Recollections, addiction and hope. These are true stories from my perspective. The names have been changed for anonymity.

The straw that broke the camel’s back was a goat named Sacagawea

We hadn’t spoken in 4 months. When I got word his grandmother died a few weeks ago it cracked the door just enough to cast a little light into the darkness of our connection. A few days ago he sent me a Snapchat of his 2 new baby goats and told me he had two more the day before that. I looked down at Moby, our Chocolate Lab, and said, “your dad has already moved on and has 4 new kids”.

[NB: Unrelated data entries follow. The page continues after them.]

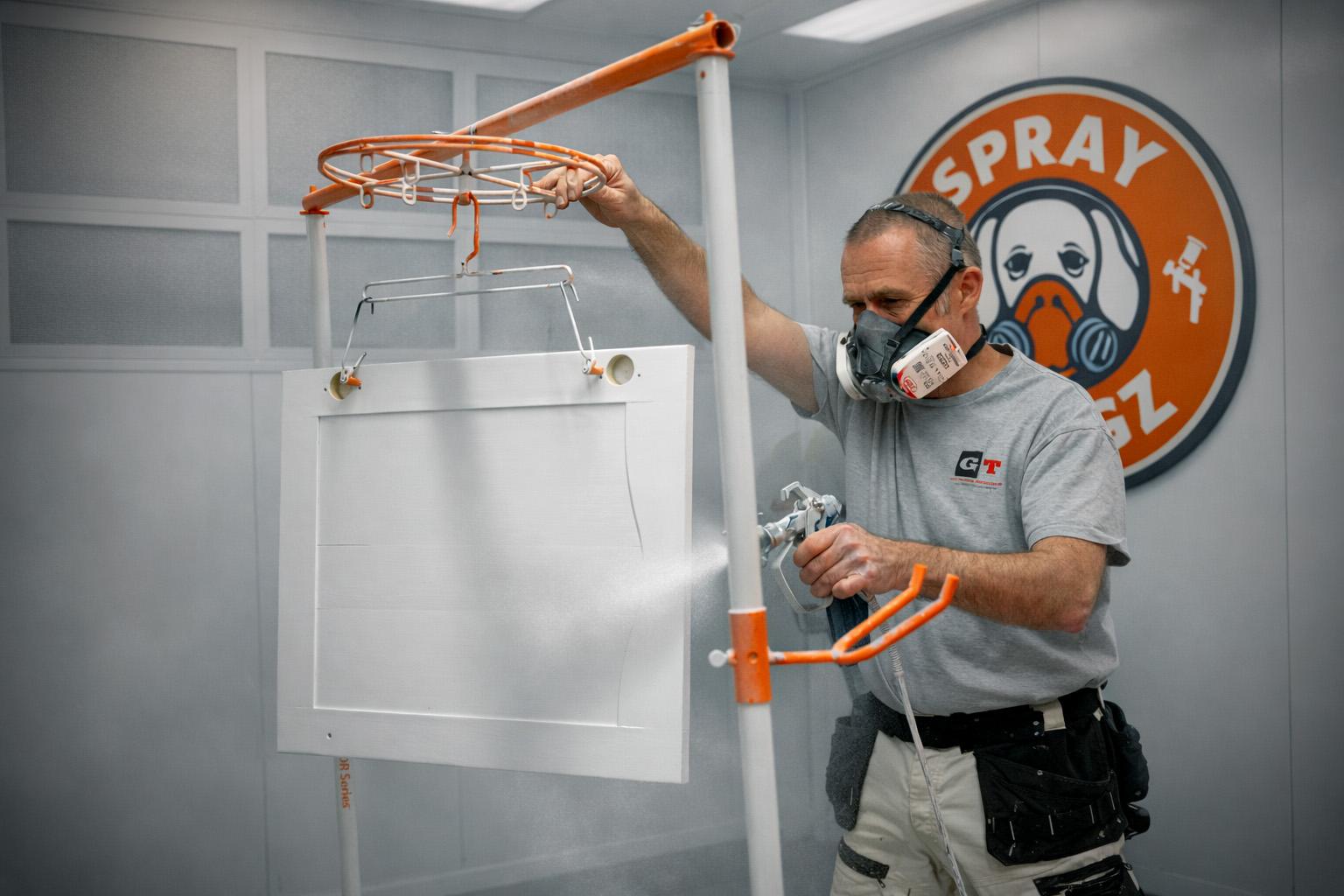 Photograph of a painter spraying a kitchen cabinet door
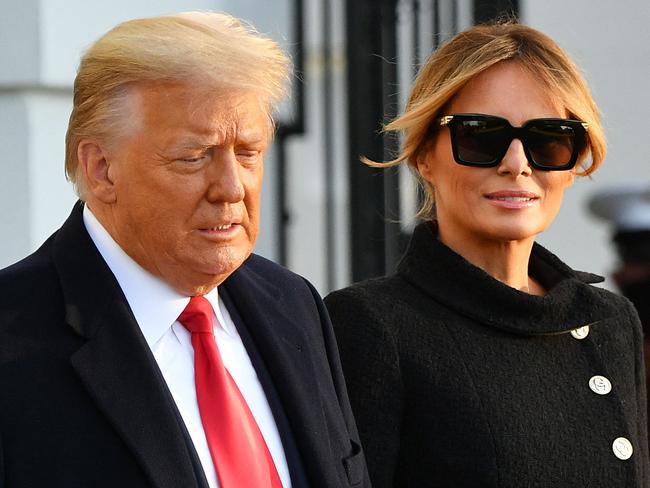 (FILES) US President Donald Trump and First Lady Melania Trump make their way to board Marine One as they depart the White House in Washington, DC, on January 20, 2021. Extremely discreet in the White House and even more reserved since leaving Washington, Melania Trump is keeping observers guessing whether she will appear, however warily, on the campaign trail alongside her husband. Aloof and enigmatic, the Slovenian-born former model has been noticeably absent as husband Donald Trump makes his third bid for the White House. (Photo by MANDEL NGAN / AFP)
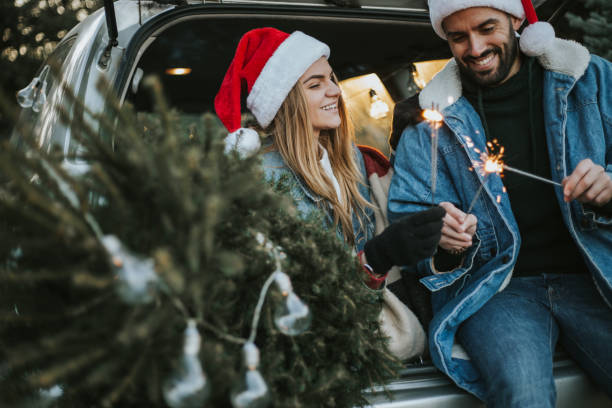 Couple having fun on Christmas tree adventure. Happy couple is wearing Santa Claus hat and sitting in car trunk while enjoying their beautiful moments of Christmas tree adventure. It is a cold and sunny day outside. flora family stock pictures, royalty-free photos & images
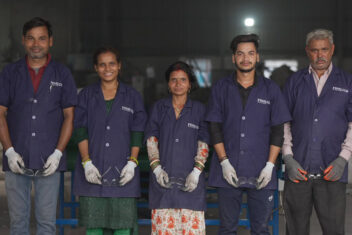 Five people stood in a line in FINILOOP uniforms holding safety googles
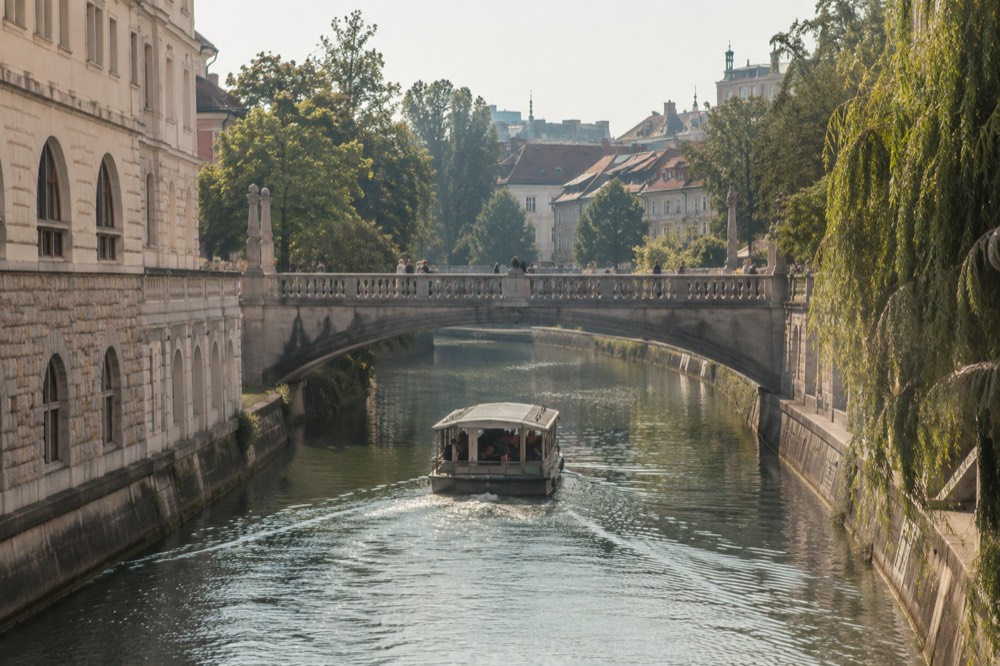 A river boat passing under one of the Ljubljanica bridges in central Ljubljana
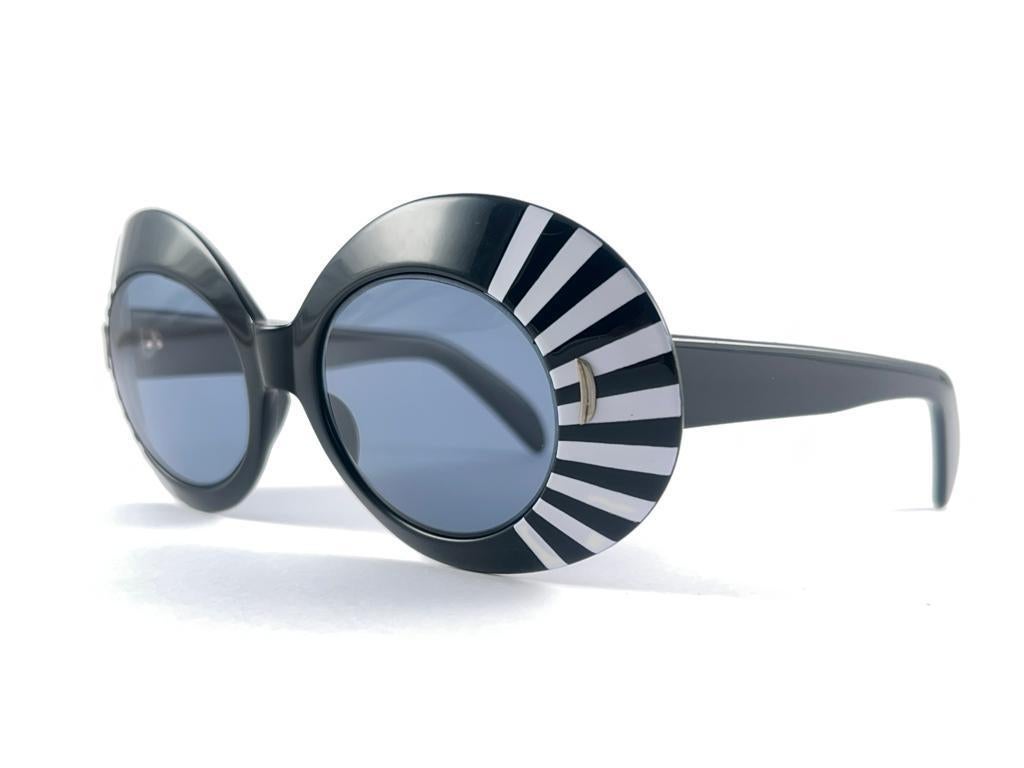 Vintage Suntimer Victory Skimo-Sonnenbrille. Ikonischer schwarz-weiß gestreifter Rahmen mit grauen G15-Gläsern.

Bitte beachten Sie dieses Element seine fast 60 Jahre alt und zeigen geringfügige Anzeichen von Verschleiß durch die Lagerung.

Ein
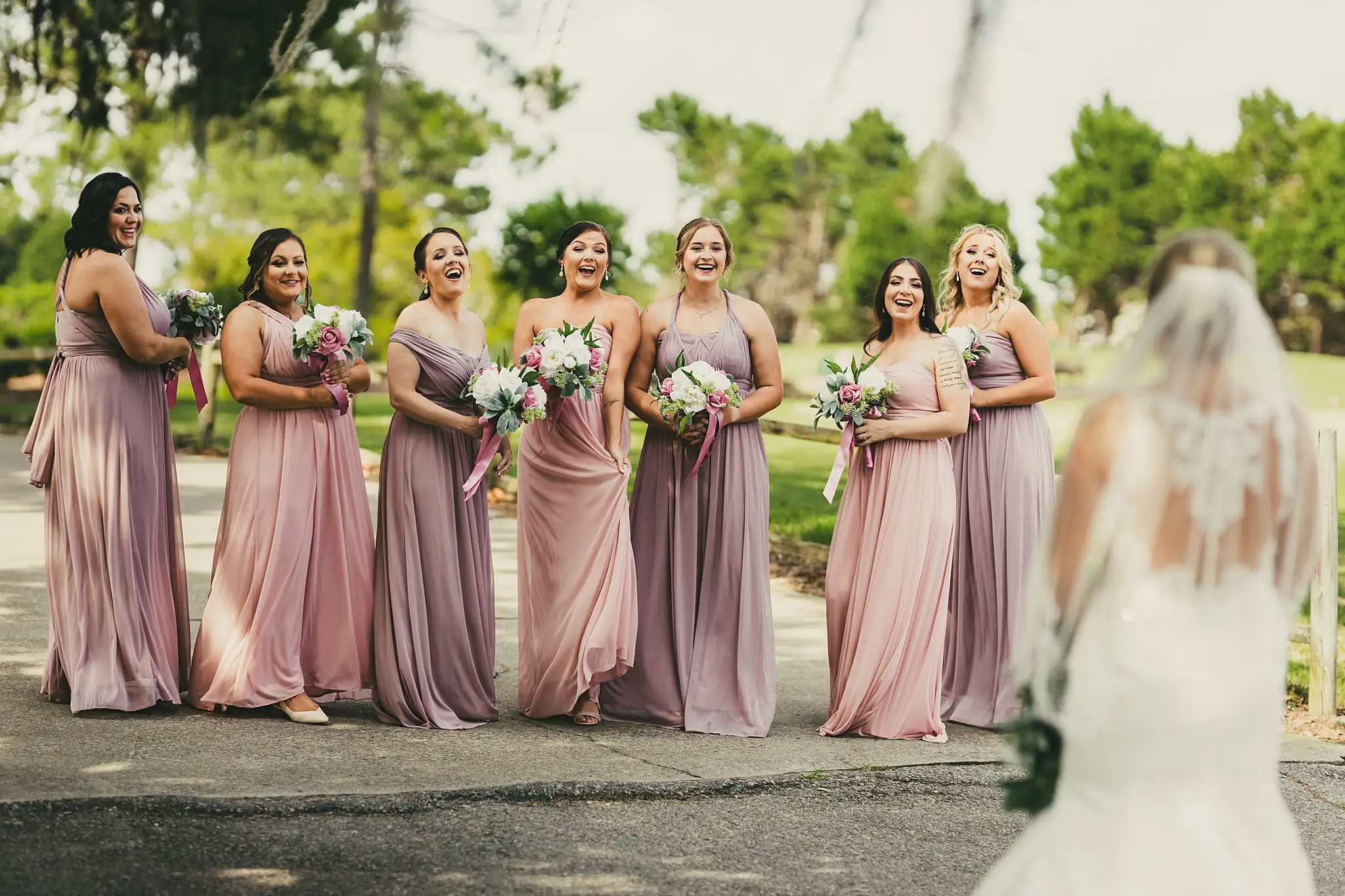Wedding Party: the bridesmaids in dusty rose on the cart path, at their wedding at Houston Lake Country Club in Perry, GA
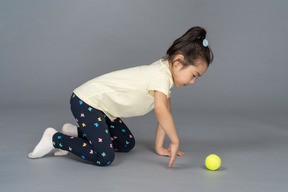 Niña a cuatro patas jugando con una pelota de tenis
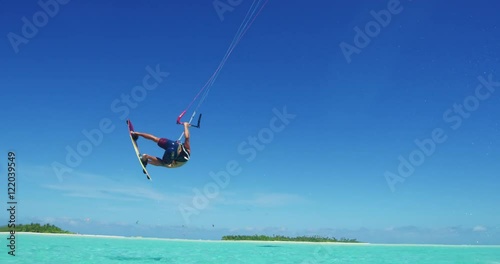 Young man kitesurfing in tropical blue ocean, extreme sport slow motion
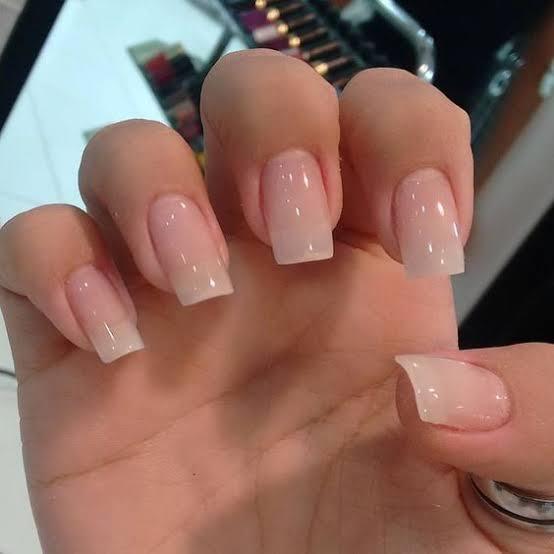 Unhas da mão quadradas e com um esmalte claro e transparente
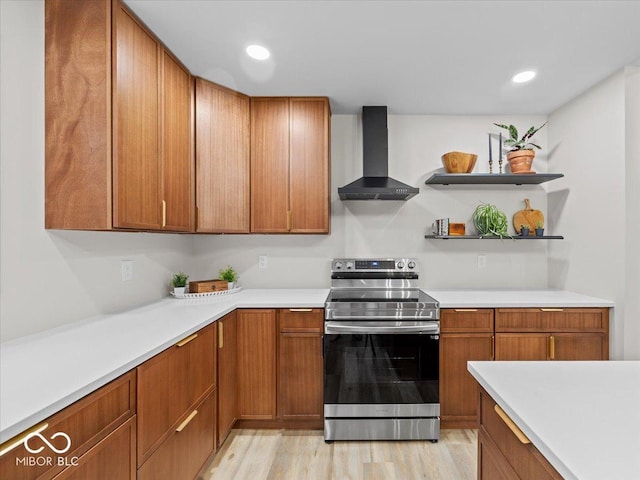 31 Mckenzie St, Shelbyville, IN 46176 - kitchen with electric range, wall chimney range hood, brown cabinetry, light countertops, and recessed lighting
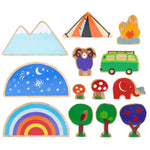 A set of 13 wooden toys from the Dan Y Ser Lanka Kade babipur collaboration collection pictured on a plain background. 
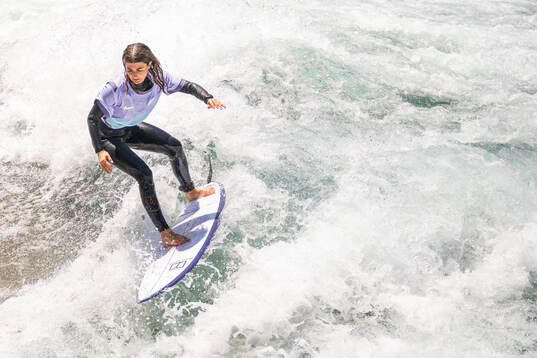A surfer with the Norwegian away kit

In 2020 my partner of 2 years, Edgar, and I decided to sell the house we’d lived in for 18 months, and move from Albuquerque, NM to his family’s ranch in northeastern New Mexico to build an off-grid shipping container home. It seemed like the right thing to do, the world was ending. The 1400-acre cattle ranch was already inhabited by his 91-year-old Grandma- Ilene and his 60-year-old Uncle- Roberto. To give ourselves some space we bought a 6’ wide by 25’ long trailer to add to the existing camp of slowly deteriorating trailers behind the house. It was a typical ranch with more cars than people more stuff than storage space, countless feral cats, and constant wind gusts creating dirt devils and a unique concert of squeaks, creaks, clanging, and wind chimes. I’d sometimes visualize this once valuable junk left out to rot blowing away one atom at a time like grains of sand with each desert wind that blew by.
The first few weeks were blissful. We had escaped the big city of small-buquerque. We would wake up every day look at each other and exclaim with so much joy “We live here!” The day the shipping container arrived felt like Christmas. I was running around with multiple cameras to document the whole thing. Very exciting times. My favorite moment of that day was when Uncle Roberto brought Grandma over to see the Shipping container on his 4-wheeler. Grandma was a tough but tiny countrywoman whose shriveling height was well under 5 feet and weighed barely 90 lbs. She looked like an elf sitting behind her son who was over 6 feet tall, 250 lbs. As they approached, I realized she was sitting side-saddle on the ATV, and sandwiched between her and Uncle Roberto was Sammie the 12-year-old Australian Shephard. That mental snapshot will never fade. Things were so happy then.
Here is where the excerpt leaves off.